Provided material
=======
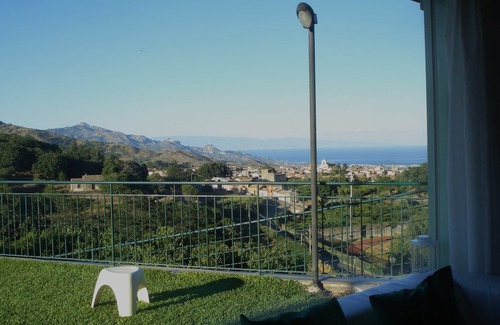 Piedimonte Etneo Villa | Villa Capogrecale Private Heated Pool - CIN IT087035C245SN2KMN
=======
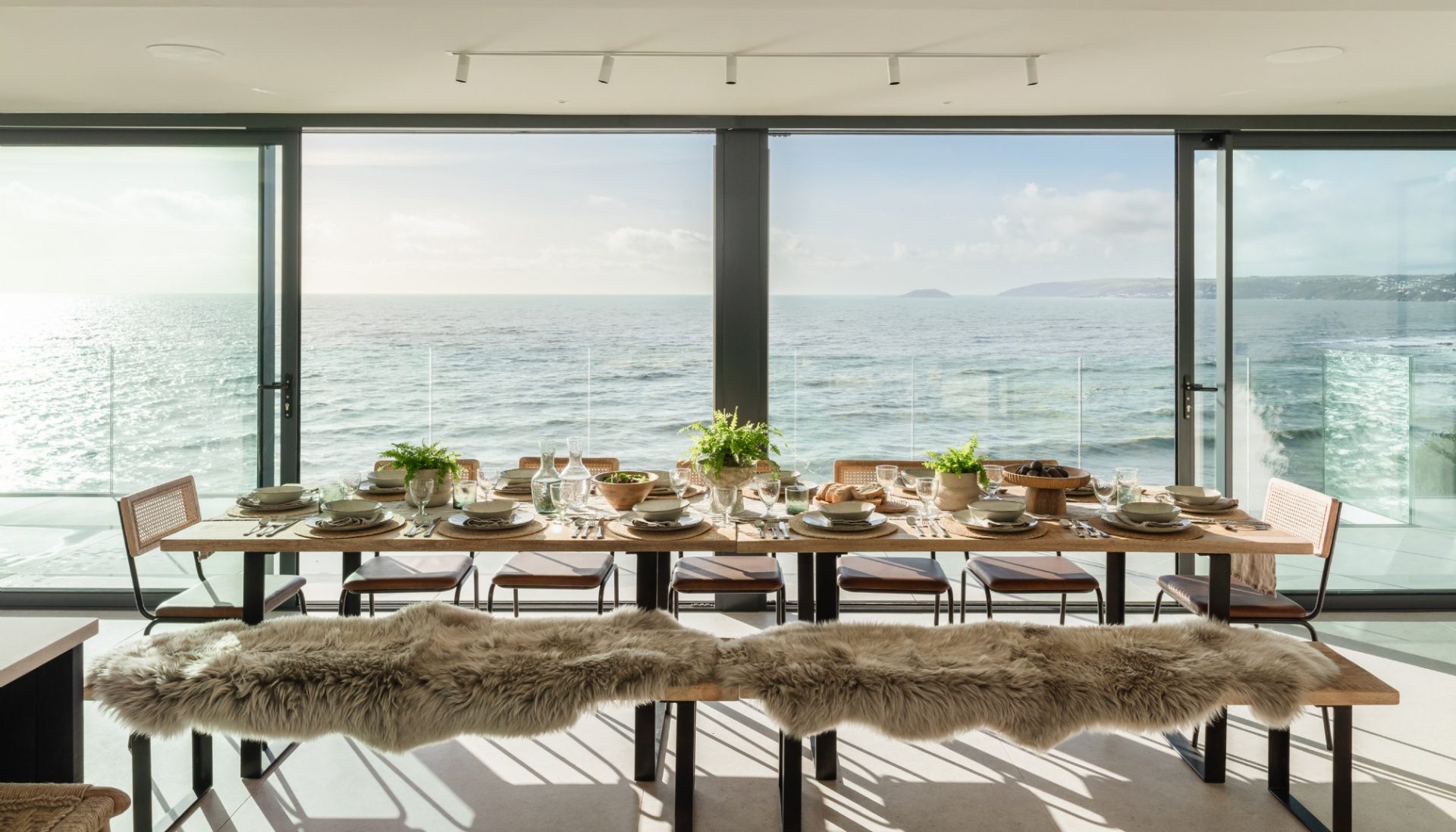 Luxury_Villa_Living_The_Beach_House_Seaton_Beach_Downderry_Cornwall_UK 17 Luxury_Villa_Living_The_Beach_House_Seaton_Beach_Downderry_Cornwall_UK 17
=======
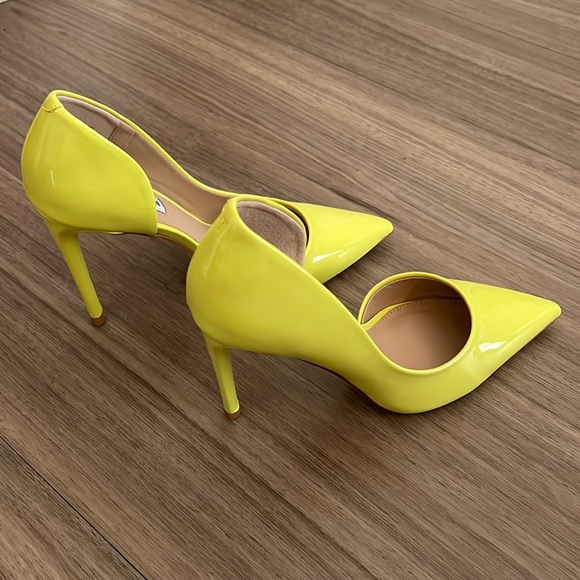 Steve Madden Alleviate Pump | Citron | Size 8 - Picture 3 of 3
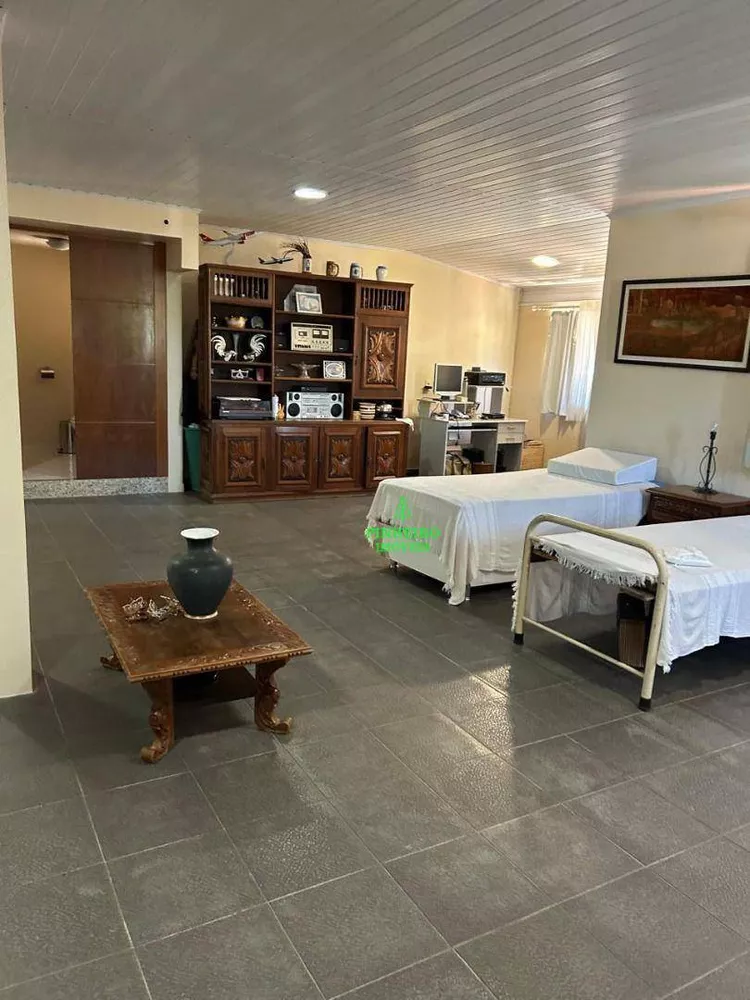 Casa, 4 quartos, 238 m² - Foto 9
=======
Exercise directions
Take only the lines above from the one that has "Steve Madden Alleviate" through the one that has "Casa, 4 quartos, 238 m² - Foto 9" and reproduce them exactly, omitting any pictures.

Answer to this exercise
 Steve Madden Alleviate Pump | Citron | Size 8 - Picture 3 of 3
 Casa, 4 quartos, 238 m² - Foto 9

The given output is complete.